> RECORDS FOR THE TASK:

·····

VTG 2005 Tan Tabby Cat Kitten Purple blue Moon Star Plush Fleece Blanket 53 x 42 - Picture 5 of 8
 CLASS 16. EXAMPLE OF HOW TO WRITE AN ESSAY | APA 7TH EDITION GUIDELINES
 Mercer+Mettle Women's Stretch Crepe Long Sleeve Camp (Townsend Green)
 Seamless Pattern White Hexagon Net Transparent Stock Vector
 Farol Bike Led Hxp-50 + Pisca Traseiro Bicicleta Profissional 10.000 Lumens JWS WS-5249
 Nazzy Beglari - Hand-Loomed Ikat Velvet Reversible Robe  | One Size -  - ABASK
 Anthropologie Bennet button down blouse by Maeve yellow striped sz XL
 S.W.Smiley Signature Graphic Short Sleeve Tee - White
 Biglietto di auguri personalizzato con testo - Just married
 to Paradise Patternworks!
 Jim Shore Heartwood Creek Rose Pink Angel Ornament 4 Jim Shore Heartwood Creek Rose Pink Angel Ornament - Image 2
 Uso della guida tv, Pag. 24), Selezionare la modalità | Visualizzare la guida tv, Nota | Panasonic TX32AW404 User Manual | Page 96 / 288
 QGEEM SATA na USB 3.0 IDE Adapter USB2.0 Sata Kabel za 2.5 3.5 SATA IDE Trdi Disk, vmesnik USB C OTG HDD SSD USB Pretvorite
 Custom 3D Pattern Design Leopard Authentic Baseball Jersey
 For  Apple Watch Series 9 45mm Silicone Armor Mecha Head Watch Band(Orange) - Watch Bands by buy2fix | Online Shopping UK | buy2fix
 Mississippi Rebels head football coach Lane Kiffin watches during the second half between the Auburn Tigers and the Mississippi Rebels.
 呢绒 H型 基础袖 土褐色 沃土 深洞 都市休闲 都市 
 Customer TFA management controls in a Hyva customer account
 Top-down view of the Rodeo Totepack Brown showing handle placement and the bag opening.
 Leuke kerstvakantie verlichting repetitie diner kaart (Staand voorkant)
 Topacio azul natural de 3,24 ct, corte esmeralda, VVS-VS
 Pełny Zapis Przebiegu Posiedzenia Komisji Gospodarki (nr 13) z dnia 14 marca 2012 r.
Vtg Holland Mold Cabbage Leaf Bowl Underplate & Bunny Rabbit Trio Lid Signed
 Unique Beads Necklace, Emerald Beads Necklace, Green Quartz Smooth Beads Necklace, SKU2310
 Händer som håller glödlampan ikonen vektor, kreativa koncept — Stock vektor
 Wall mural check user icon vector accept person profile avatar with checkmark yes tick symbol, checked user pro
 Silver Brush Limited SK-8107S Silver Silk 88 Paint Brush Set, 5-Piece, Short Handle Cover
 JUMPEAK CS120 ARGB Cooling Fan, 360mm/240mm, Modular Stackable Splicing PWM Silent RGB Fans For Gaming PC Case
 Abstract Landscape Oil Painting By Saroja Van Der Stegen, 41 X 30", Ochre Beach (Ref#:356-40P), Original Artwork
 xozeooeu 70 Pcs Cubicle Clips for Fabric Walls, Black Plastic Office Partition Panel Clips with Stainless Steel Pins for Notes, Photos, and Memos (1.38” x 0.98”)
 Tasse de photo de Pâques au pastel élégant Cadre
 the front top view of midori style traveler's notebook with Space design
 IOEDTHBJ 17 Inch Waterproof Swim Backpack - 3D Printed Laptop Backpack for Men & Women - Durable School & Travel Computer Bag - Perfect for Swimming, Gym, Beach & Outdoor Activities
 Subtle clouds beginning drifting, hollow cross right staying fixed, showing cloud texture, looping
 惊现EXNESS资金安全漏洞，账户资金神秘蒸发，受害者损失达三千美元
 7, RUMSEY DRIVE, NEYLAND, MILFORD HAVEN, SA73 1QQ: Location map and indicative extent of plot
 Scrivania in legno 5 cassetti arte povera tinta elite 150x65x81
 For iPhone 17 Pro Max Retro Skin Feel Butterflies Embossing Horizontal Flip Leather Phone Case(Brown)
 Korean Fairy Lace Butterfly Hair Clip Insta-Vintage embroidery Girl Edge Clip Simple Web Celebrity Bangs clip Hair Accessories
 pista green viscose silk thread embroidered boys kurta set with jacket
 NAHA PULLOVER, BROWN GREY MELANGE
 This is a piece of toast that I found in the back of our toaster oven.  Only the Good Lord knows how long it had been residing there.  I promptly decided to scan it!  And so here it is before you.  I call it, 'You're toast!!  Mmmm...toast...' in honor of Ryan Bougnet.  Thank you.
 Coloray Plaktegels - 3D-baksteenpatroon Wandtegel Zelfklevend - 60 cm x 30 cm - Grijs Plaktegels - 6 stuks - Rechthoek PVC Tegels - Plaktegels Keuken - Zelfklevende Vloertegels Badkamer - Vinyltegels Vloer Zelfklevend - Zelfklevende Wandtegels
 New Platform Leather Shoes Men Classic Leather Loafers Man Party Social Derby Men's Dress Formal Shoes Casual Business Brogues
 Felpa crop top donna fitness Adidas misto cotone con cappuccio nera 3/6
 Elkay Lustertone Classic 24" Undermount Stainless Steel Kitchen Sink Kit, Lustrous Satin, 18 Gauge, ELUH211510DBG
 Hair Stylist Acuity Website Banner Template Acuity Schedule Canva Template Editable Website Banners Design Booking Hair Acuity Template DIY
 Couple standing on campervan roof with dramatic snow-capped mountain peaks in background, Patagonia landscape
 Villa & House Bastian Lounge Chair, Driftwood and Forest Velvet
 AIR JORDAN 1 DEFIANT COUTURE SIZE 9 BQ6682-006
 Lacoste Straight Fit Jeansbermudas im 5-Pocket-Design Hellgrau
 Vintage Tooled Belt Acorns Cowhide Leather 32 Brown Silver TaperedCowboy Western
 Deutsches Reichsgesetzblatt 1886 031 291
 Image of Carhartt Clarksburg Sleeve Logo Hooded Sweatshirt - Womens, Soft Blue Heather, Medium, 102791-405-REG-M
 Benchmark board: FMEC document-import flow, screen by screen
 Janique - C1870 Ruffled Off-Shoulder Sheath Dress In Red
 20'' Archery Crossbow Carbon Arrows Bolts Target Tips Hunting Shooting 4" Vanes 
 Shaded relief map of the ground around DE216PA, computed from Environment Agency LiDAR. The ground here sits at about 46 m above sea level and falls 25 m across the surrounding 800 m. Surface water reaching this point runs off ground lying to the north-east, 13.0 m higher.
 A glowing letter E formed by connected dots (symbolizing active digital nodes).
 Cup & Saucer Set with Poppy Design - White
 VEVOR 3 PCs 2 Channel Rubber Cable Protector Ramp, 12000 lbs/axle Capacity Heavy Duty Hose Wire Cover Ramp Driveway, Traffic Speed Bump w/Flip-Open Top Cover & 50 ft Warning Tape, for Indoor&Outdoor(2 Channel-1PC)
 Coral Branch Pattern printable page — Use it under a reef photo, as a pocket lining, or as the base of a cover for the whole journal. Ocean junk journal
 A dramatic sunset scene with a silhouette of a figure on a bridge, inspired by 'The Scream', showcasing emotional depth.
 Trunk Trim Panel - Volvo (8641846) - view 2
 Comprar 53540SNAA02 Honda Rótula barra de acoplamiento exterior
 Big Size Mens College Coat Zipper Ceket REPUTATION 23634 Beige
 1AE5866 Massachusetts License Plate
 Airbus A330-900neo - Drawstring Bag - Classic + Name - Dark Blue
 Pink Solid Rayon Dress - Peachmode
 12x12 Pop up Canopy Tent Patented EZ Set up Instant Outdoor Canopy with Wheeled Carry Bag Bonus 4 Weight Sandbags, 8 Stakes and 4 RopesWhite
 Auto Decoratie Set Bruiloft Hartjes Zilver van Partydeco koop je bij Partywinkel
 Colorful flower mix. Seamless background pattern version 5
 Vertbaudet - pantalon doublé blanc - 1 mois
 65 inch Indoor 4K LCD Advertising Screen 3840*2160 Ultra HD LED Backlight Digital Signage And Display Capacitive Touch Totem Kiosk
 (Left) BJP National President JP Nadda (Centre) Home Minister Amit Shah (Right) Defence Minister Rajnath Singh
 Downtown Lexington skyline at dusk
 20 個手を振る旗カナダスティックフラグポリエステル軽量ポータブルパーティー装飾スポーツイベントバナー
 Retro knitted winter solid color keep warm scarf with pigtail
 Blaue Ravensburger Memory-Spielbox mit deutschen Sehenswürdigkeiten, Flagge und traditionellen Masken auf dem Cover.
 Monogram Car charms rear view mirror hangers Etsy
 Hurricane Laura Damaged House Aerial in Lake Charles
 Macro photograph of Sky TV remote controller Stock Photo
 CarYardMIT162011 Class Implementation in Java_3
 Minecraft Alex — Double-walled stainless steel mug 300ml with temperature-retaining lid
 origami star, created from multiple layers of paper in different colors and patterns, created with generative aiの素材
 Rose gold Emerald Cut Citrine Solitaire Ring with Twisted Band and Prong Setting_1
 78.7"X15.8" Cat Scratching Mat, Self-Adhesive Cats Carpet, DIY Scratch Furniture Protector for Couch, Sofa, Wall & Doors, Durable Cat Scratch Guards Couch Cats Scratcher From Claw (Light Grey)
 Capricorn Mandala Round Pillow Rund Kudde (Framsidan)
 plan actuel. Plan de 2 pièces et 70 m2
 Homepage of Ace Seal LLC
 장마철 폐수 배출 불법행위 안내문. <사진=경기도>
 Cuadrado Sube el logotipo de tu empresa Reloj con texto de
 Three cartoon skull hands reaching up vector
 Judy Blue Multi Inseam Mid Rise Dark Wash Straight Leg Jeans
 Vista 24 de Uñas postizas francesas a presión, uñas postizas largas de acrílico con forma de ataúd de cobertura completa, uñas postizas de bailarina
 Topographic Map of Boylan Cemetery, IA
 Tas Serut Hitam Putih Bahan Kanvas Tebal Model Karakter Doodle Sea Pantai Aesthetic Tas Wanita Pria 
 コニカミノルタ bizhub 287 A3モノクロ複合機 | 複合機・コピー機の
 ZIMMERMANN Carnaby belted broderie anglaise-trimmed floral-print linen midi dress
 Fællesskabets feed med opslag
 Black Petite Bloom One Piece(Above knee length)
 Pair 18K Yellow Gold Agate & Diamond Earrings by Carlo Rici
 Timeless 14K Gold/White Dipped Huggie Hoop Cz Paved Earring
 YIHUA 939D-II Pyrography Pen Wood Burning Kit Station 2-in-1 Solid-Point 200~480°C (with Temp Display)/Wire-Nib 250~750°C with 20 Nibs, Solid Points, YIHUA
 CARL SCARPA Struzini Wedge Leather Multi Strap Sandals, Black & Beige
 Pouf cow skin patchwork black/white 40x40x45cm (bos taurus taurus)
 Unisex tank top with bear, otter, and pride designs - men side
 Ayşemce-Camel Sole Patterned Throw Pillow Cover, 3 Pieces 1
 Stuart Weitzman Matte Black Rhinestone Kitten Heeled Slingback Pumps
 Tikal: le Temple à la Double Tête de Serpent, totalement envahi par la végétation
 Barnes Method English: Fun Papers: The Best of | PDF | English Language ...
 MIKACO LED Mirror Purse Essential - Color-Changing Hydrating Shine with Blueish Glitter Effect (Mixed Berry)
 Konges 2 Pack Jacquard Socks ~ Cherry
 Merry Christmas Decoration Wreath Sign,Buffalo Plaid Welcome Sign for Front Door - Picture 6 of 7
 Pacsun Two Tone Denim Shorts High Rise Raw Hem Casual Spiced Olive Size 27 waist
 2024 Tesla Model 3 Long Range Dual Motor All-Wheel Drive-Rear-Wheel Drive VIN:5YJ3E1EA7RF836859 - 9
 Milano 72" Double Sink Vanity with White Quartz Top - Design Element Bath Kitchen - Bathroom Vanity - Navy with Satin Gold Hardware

·····

Find the line with "the front top" in the entries above. Retype it and each line after it, exactly, through the line with "NAHA PULLOVER, BROWN GREY MELANGE", and stop there.

> WRITTEN ANSWER:
 the front top view of midori style traveler's notebook with Space design
 IOEDTHBJ 17 Inch Waterproof Swim Backpack - 3D Printed Laptop Backpack for Men & Women - Durable School & Travel Computer Bag - Perfect for Swimming, Gym, Beach & Outdoor Activities
 Subtle clouds beginning drifting, hollow cross right staying fixed, showing cloud texture, looping
 惊现EXNESS资金安全漏洞，账户资金神秘蒸发，受害者损失达三千美元
 7, RUMSEY DRIVE, NEYLAND, MILFORD HAVEN, SA73 1QQ: Location map and indicative extent of plot
 Scrivania in legno 5 cassetti arte povera tinta elite 150x65x81
 For iPhone 17 Pro Max Retro Skin Feel Butterflies Embossing Horizontal Flip Leather Phone Case(Brown)
 Korean Fairy Lace Butterfly Hair Clip Insta-Vintage embroidery Girl Edge Clip Simple Web Celebrity Bangs clip Hair Accessories
 pista green viscose silk thread embroidered boys kurta set with jacket
 NAHA PULLOVER, BROWN GREY MELANGE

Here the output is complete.